WASHINGTON, D.C. – Following the World Trade Organization’s (WTO) ruling that the United States’ mandatory country of origin labeling (COOL) law for imported cuts of beef, chicken, and pork violates international trade agreements, U.S. Sen. Sherrod Brown (D-OH) – a senior member of the U.S. Senate Committee on Agriculture, Nutrition and Forestry – today announced his cosponsorship of the bipartisan Voluntary Country of Origin Labeling (COOL) Act of 2015. The bill would allow the U.S. to avoid retaliatory tariffs by repealing the mandatory COOL law and replacing it with a voluntary program that will enable processors to voluntarily label meat products. The COOL Act would maintain the integrity of the label, ensuring that the product is actually “born, raised and slaughtered in the United States,” rather than just processed in the U.S.

“Americans deserve to make informed decisions when it comes to food they put on the table,” said Brown. “While I prefer mandatory country of origin labeling and disagree with the World Trade Organization’s ruling, we need to take action to keep consumers safe while avoiding retaliatory trade sanctions from Canada and Mexico. Voluntary country of origin labeling standards will ensure that consumers know where their meat is raised and processed. A voluntary country of origin labeling program would benefit both producers and consumers, while ensuring the U.S. meat industry stays in compliance with the World Trade Organization.”

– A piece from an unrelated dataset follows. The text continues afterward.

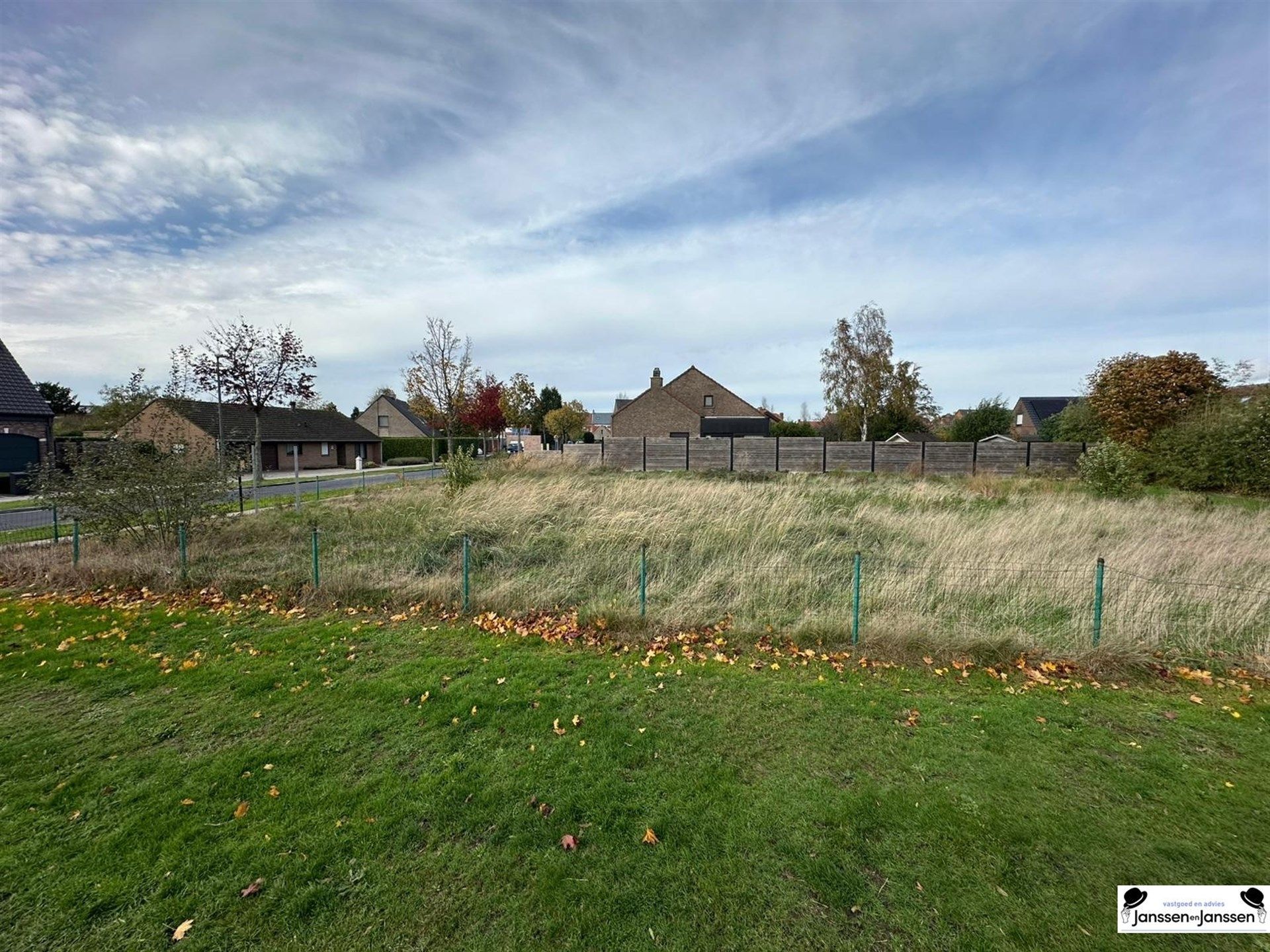 Mooi stuk bouwgrond voor halfopen bebouwing foto 5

In May 2015, the World Trade Organization (WTO) ruled for the fourth time that the United States’ mandatory COOL law treats Mexican and Canadian livestock less favorably than U.S.- origin livestock and violates international trade agreements. The WTO is undergoing an arbitration process to determine the level of retaliation that Canada and Mexico will be authorized to implement. Both countries say they intend to implement retaliatory tariffs should the U.S. fail to address the current COOL law.